22.2 Transmissão Transgeracional de Traumas (TTT) e Brainspotting
André Monteiro, Focus – Consultoria em Relacionamentos Interpessoais Ltda., Brazil
Neste trabalho são apresentados os conceitos de trauma e recurso transmitidos sob as formas inter e transgeracional. Correlacionados aos processos de transmissão e de tratamento de informações transgeracionais não adaptativas apresentam-se estratégias para ativação e reprocessamento de traumas dessa natureza sistêmica, no âmbito do Brainspotting.
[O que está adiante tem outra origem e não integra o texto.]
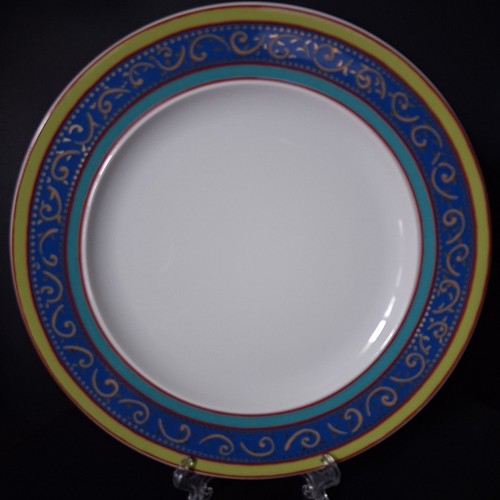 Rosenthal continental china - rosenthal-continental,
22.3 Brainspotting e campo mágico
Adriana Kortlandt-Grandin, Zentrum für Psychiatrie, Psychotherapie, Neurologie und Psychosomatik, Germany
Trabalho em clínica de psicoterapia na Alemanha. Atendo refugiados políticos. Há vítimas de tortura. Não é recomendável a rememoração das cenas. Desenvolvi o “Campo Mágico”, um campo visual onde o próprio paciente localiza o ponto denso, o de leveza ou libertação, e o caminho entre eles. O ponto denso, onde se localizam as cenas traumatizantes, é substituído por um símbolo. O terapeuta estimula, pelo método “copy and paste”, que o paciente faça a varredura de um ponto a outro, e mantenha o controle do processo. No caminho há o oásis, ou lugar do descanso, e o do fortalecimento. O paciente pode tocar, recortar, modificar e acolher partes do campo. Há simbolização no lugar da cena e a sensorialização do campo mantém a eficácia do reprocessamento enquanto o paciente mantém controle do processo.

22.4 Cuidando al psicoterapeuta: reestablecimiento de la energía entre sesiones y fin de jornada. Buscando nuestro brainspot de eje
Luciana Caruso, Brainspotting Trainer, Argentina
Para que ocurra la sanación, terapeuta y paciente han de estar en condiciones de realizar ese encuentro. El terapeuta tiene la responsabilidad de conducir con lucidez, predisposición y empatía para realizar con éxito dicho objetivo. Sin embargo, el desgaste de las sucesivas sesiones sin descanso, con las propias identificaciones del psicoterapeuta, provocan un desgaste que le resta Efectividad a la hora de conducir la sesión. Ejercicios físicos desarrollados para tal proposito son una posible solución al inevitable bloqueo de la energía en el cuerpo (chi). Mi objetivo es poder enseñar una serie de ejercicios rápidos (con base en el chi kung sanador), para poder efectuar cada tres pacientes, más una serie de ejercicios de cierre de jornada laboral, para poder volver a casa con nuestra energía sin bloqueos y en eje. Por último se buscara el Brainspot de la sensación de eje para poder activarlo cada vez que lo consideremos necesario.